El episodio de las amenazas al juez de Barcelona Joaquín Aguirre, que instruye el sumario de las conexiones rusas de Puigdemont y el de los pagos del F. C. Barcelona al vicepresidente del comité técnico de árbitros, muestra a qué extremos ha llegado la inseguridad jurídica en la Cataluña del proceso y los separatistas. La cadena de errores es elocuente. En primer lugar, un juez que debería estar perfectamente protegido recibe un paquete con una falsa bomba en su interior que atraviesa todos los controles de seguridad y llega a su propio despacho en lo que no es sino un auténtico aviso a la manera mafiosa, la cabeza de un caballo en el lecho del magistrado. Después, se oculta el hecho, se impide que trascienda hasta una semana después, como si un simulacro de bomba en un juzgado fuera una situación ordinaria a la que no hay que dar más importancia. Y cuando por fin unos pocos medios de comunicación, entre ellos Libertad Digital, revelan lo ocurrido, las propias autoridades judiciales corren a dar carpetazo al asunto sin haber mostrado la más mínima sensibilidad respecto a la seguridad del magistrado. Ni siquiera un gesto de solidaridad antes o después de archivar el caso por "autor desconocido".
Es evidente que los Mossos d'Esquadra no han mostrado mayor interés en esclarecer la escandalosa amenaza contra el juez Aguirre, sometido al señalamiento constante de los medios de comunicación en Cataluña e incluso apuntado directamente en el Congreso de los Diputados por la portavoz de Puigdemont en Madrid sin que se obligara a Míriam Nogueras a la más mínima retractación. Hay barra libre contra los jueces implicados en casos que afectan a los independentistas y el ejemplo de Aguirre resulta harto manifiesto. Como ya ha ocurrido con otros magistrados (amenazas e intentos de agresión a Pablo Llarena, por ejemplo, o las pintadas amenazantes en su segunda residencia que sufrió Ramírez Sunyer, el difunto instructor del sumario por el que se deberían juzgar en Barcelona a altos cargos de ERC por la organización del referéndum ilegal), Aguirre está solo, sin ninguna protección, sin escolta, al albur de unos avisos que se pueden concretar en desagradables consecuencias. Una falsa bomba debería ser como mínimo tan alarmante como una bala o un cortauñas en un sobre. Claro que la diferencia es el receptor. Por un lado, un juez incómodo para el separatismo y para sus socios.
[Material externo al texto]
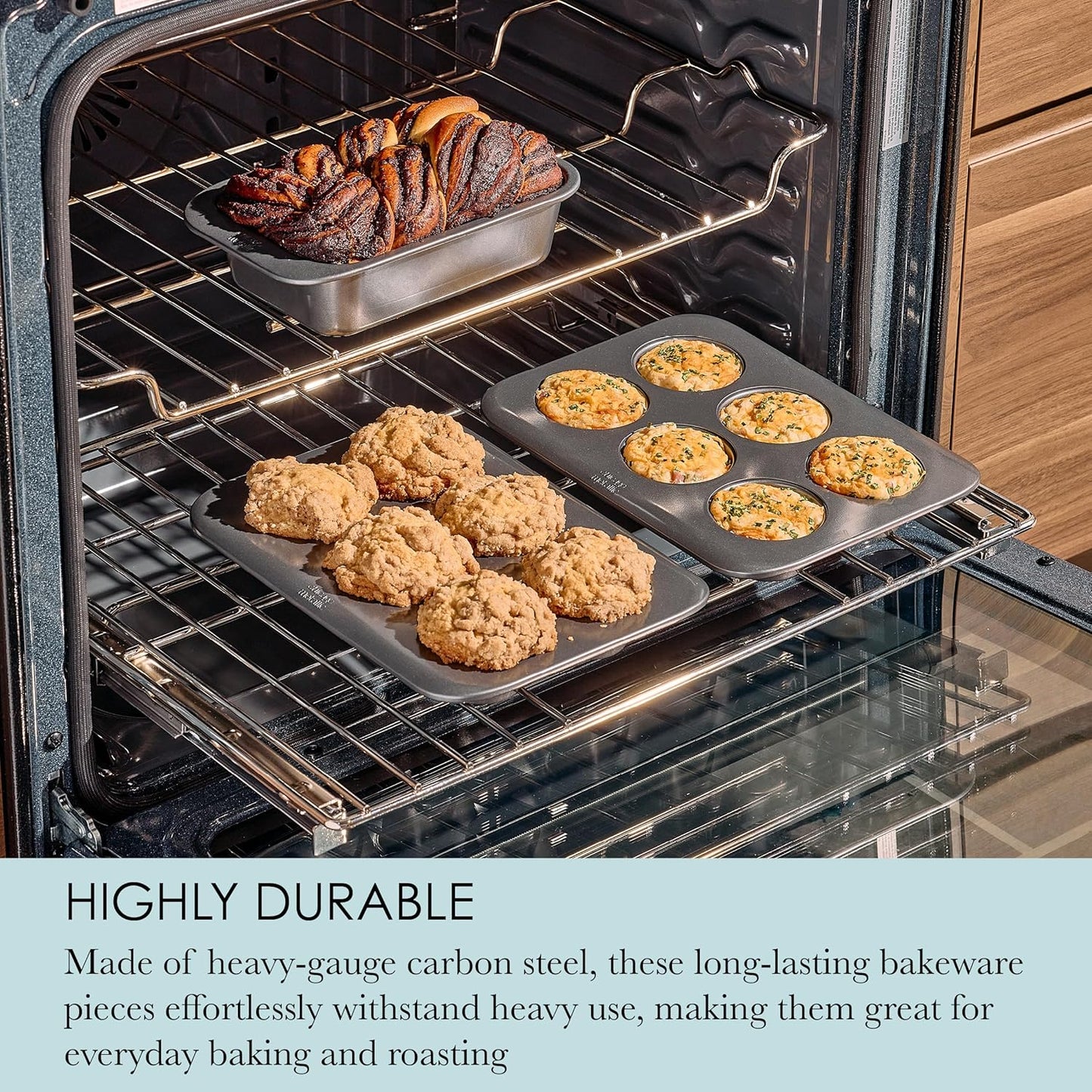 Chicago Metallic 7-Piece Nesting Bakeware Set - Carbon Steel Nonstick Baking Sheet, Loaf Pan, Muffin Pan, Cake Pan, Roaster and Cooling Rack - Space-Saving Kitchen Essentials
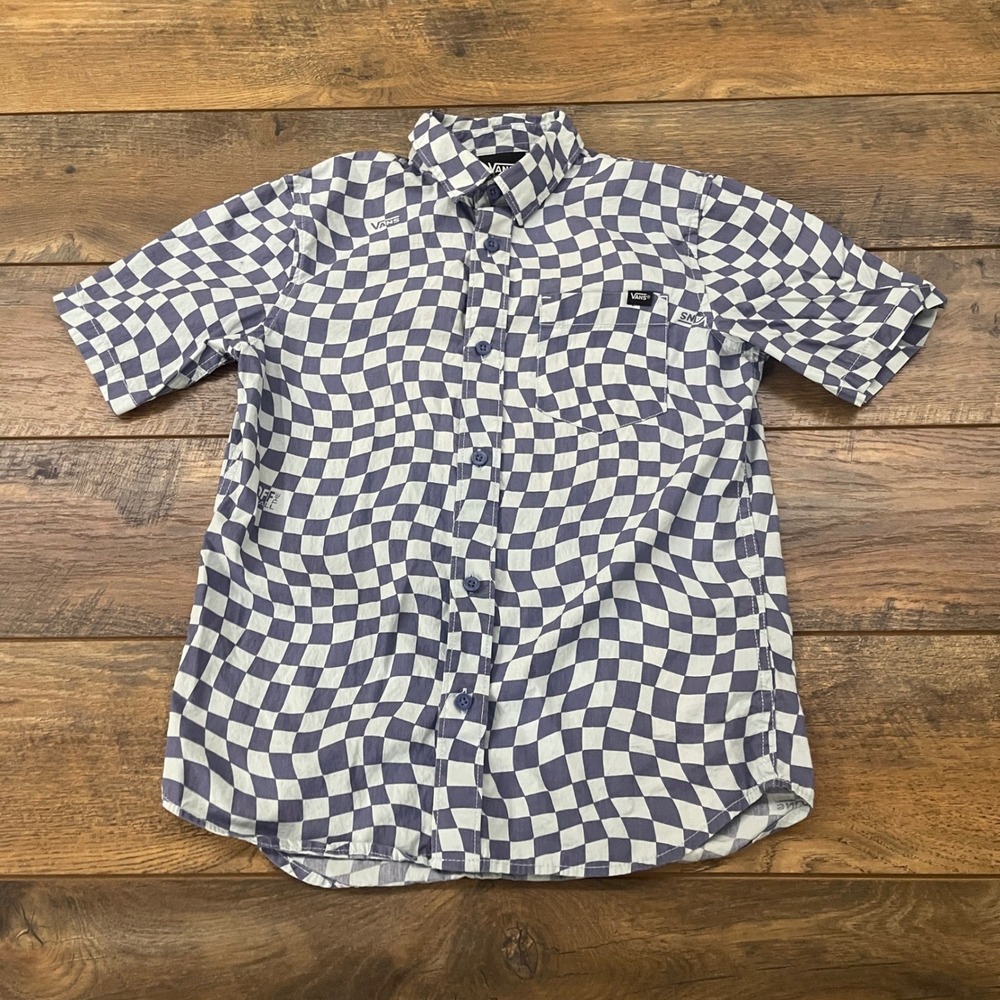 Vans Kids Blue Warped Checkerboard Short Sleeve Button Down Shirt Size M Skater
Por otro, ministros del Gobierno de España gracias al apoyo de los separatistas investigados por ese mismo juez. En el primer caso, silencio y archivo. En el segundo, alarma, denuncias y celo investigador.
Ese doble rasero explica las dificultades de los jueces en España para abordar según qué expedientes, su indefensión, la falta de medios y la creciente inseguridad jurídica que propicia el amedrentamiento sin consecuencias de las autoridades judiciales. Señalados por los separatistas, hostigados por el Gobierno de Sánchez, amenazados y silenciados. Lo que le ha sucedido al juez Aguirre debería haber provocado una investigación a fondo sobre el paquete y sobre los inauditos y clamorosos fallos de seguridad en una administración de Justicia que en términos operativos depende en Cataluña de la Generalidad y de sus Mossos d'Esquadra. Es un escándalo mayúsculo, una tropelía contra un magistrado que está en el punto de mira de Puigdemont, el amigo de Putin que regresará a Cataluña con alfombra roja gracias a Pedro Sánchez. Eso es Cataluña, la conciliación que propone Sánchez, el silencio de los jueces, a quienes hay que advertir como sea de que no pongan trabas a la impunidad que implica la amnistía.